Nuove sfide pastorali
– Formare, istituire e inviare équipe di esploratori del territorio e missionari itineranti, composti da operatori pastorali o per singoli settori pastorali, valorizzando diaconi, catechisti e aggregazioni ecclesiali laiche.
– Annunciare e celebrare la Parola con forme e modalità rinnovate, adattando gli orari alle esigenze familiari e lavorative delle persone: centro di ascolto, liturgia della Parola, veglia, lectio divina, catechesi per gli adulti, preparazione dei giovani alla Cresima a livello zonale, itinerari di preparazione alla vita coniugale e familiare, evangelizzazione di strada e della notte, peregrinatio, missione al popolo, mostre e rappresentazioni sacre…
– Ripensare l’organizzazione delle feste patronali e di tutta la pietà popolare, con l’inserimento della voce “povertà”;
– Rilanciare in ogni parrocchia l’oratorio e la pastorale del tempo libero, dello sport, del pellegrinaggio.
– Avviare gradualmente la pastorale della carità , con iniziative di accoglienza e di integrazione degli stranieri, attività di accompagnamento delle famiglie con minori e, più in generale, in difesa della vita dal periodo pre-natale allo stadio terminale (valorizzare la Giornata per la vita).
– Mettersi in rete con le altre realtà del territorio; lì dove non ci sia una rete dei servizi, farsene promotori, incoraggiando gli enti pubblici ed eventualmente le comunità di altre confessioni religiose a coinvolgersi.
– Potenziare la riflessione sulla Dottrina sociale della Chiesa e sulla cittadinanza attiva: scuola/corsi di formazione per l’impegno socio-politico dei cattolici
– Educare al discernimento comunitario.
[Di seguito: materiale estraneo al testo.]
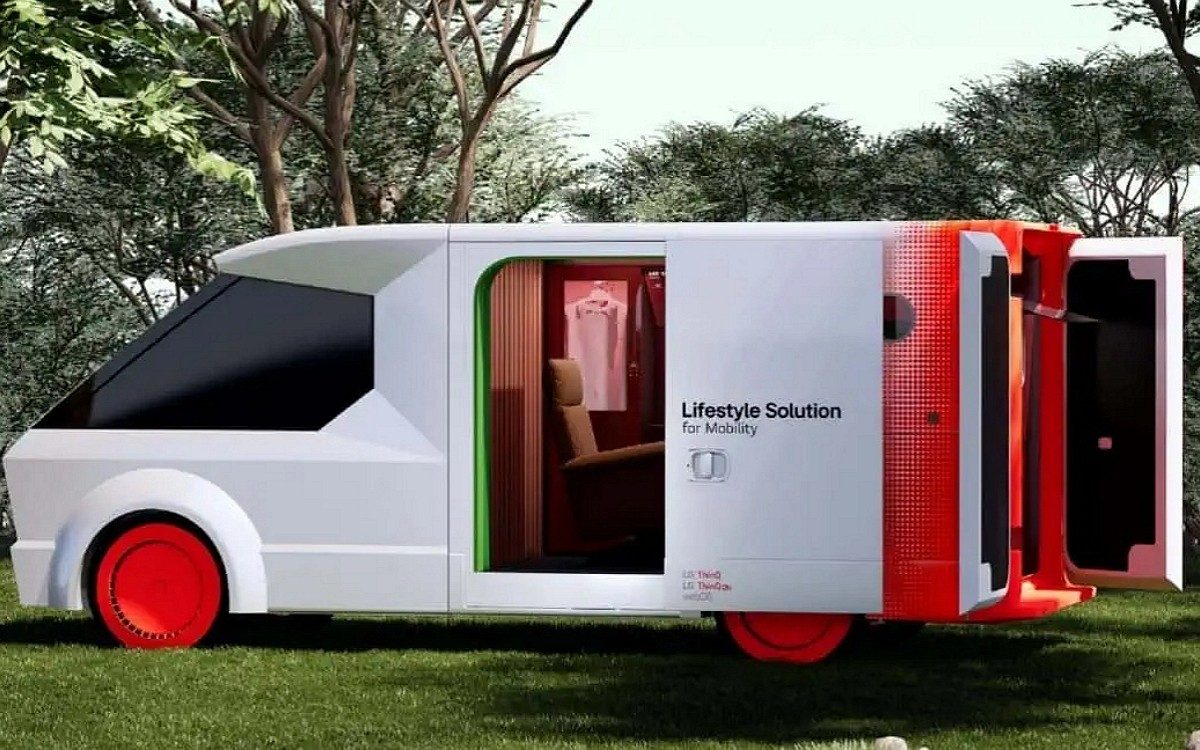 MX Platform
Rilanciare a tutti i livelli (parrocchiale, zonale, diocesano) gli organismi di partecipazione; soprattutto, istituire in ogni parrocchia il Consiglio pastorale parrocchiale e il Consiglio per gli Affari economici.
– Curare la pastorale unitaria e integrata: sperimentare forme di collaborazione pastorale interparrocchiale e zonale, mantenere aperta la possibilità di istituire le Unità pastorali e di praticare forme di vita comune tra sacerdoti.